Golden-winged Warbler. Courtesy of Rob Dickerson/Macaulay Library at the Cornell Lab of Ornithology

The addition of Liz Brewer to AMJV’s staff as our Outreach Specialist based in West Virginia has greatly expanded our capacity to provide resources to land managers, foresters, and landowners managing forests to benefit birds and other wildlife. One example is the creation of a  virtual field tour of “Creating Young Forests” that focuses on management practices and cost share opportunities that private landowners across West Virginia can implement to create or improve habitat for Golden-winged Warbler on their land. The virtual field tour visits private landowners with active and completed projects managing for Golden-winged Warbler habitat in West Virginia. The tour shows images of managed areas that allow viewers to see the results of different management practices on the ground and how they benefit forest health and wildlife.

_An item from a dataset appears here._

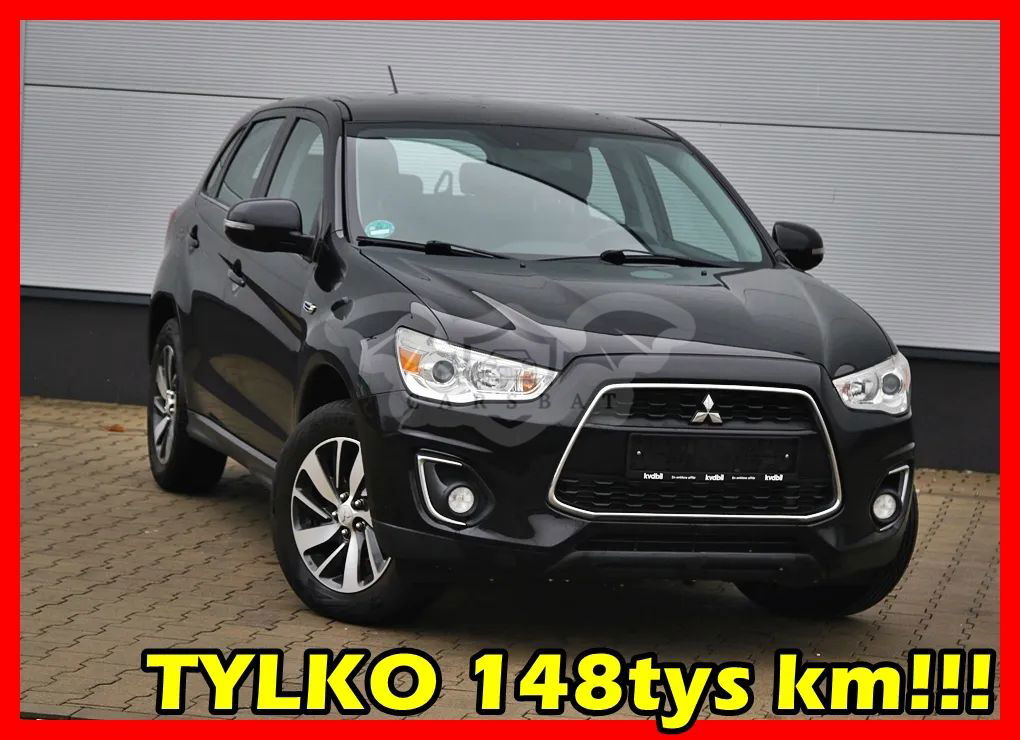 Mitsubishi ASX 1.6 Invite Navi 2015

Developing New Resources to Support Forest Management for Birds

AMJV staff is collaborating with WV DNR to update and re-design “West Virginia Forest Songbird Management Guidelines”, a guide which was orginially published in 2006. An initial meeting was held to discuss the need to update the document, and it was decided that a new version of the document would be valuable and should be developed. A draft outline for the new guide has been completed and is currently being reviewed by local agency and consulting foresters.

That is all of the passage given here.